* _Excerpted data_
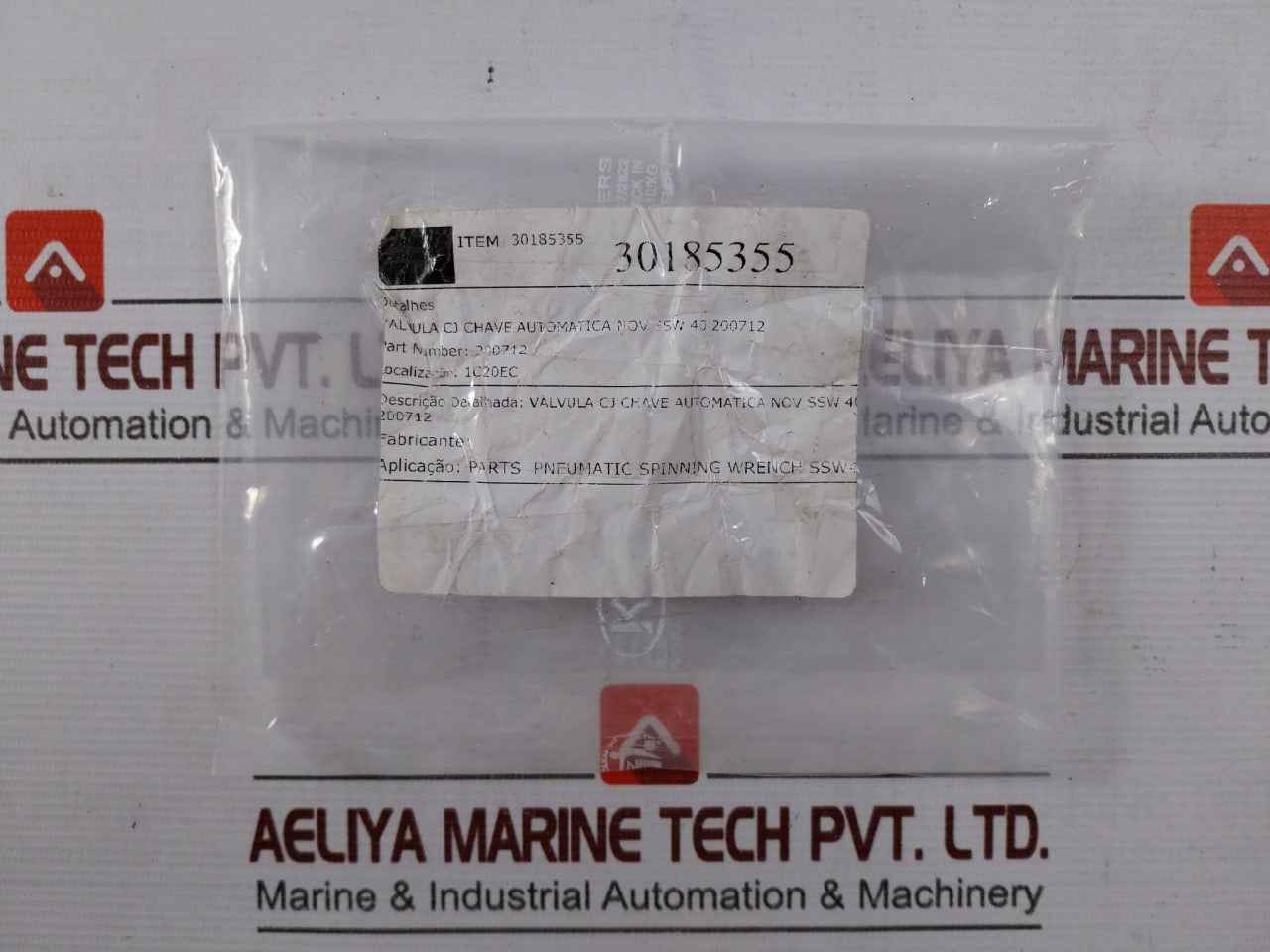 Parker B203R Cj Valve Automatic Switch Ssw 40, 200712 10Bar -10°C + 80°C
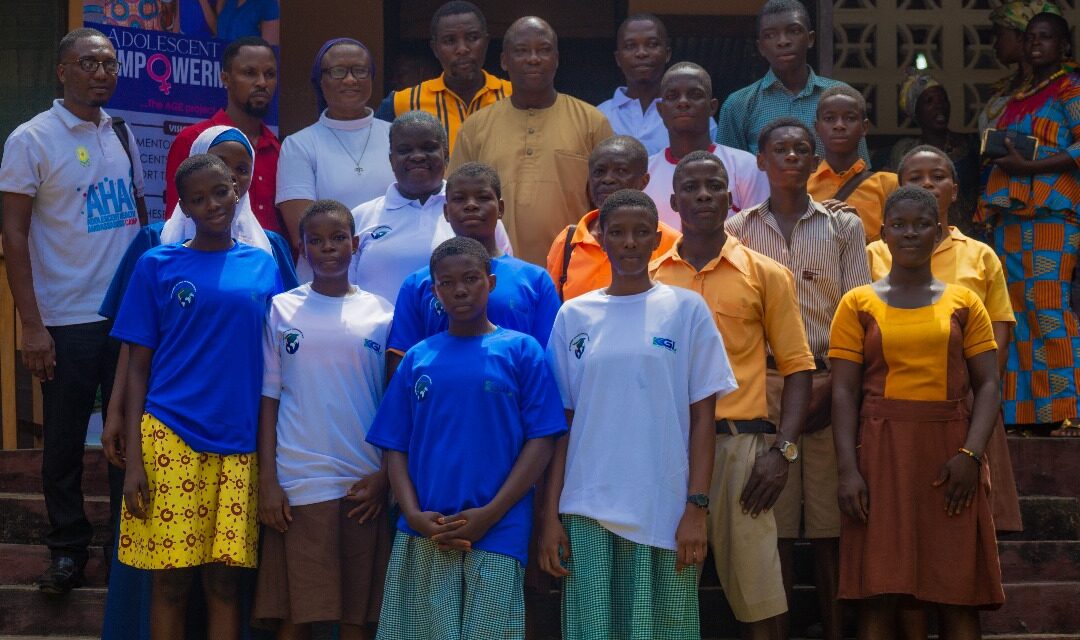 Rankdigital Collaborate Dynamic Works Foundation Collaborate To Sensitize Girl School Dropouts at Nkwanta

* * *

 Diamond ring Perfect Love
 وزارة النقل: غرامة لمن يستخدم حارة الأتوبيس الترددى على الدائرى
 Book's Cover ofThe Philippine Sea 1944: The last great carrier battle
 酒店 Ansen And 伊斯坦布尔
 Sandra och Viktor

---

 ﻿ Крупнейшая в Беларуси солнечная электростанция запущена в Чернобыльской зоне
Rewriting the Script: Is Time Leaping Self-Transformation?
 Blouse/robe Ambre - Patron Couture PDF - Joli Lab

* _Your task_
The response should be the listing above, limited to the lines between the one holding "Diamond ring Perfect Love" and the one holding "Sandra och Viktor", inclusive, reproduced exactly.

* _Exercise response_
 Diamond ring Perfect Love
 وزارة النقل: غرامة لمن يستخدم حارة الأتوبيس الترددى على الدائرى
 Book's Cover ofThe Philippine Sea 1944: The last great carrier battle
 酒店 Ansen And 伊斯坦布尔
 Sandra och Viktor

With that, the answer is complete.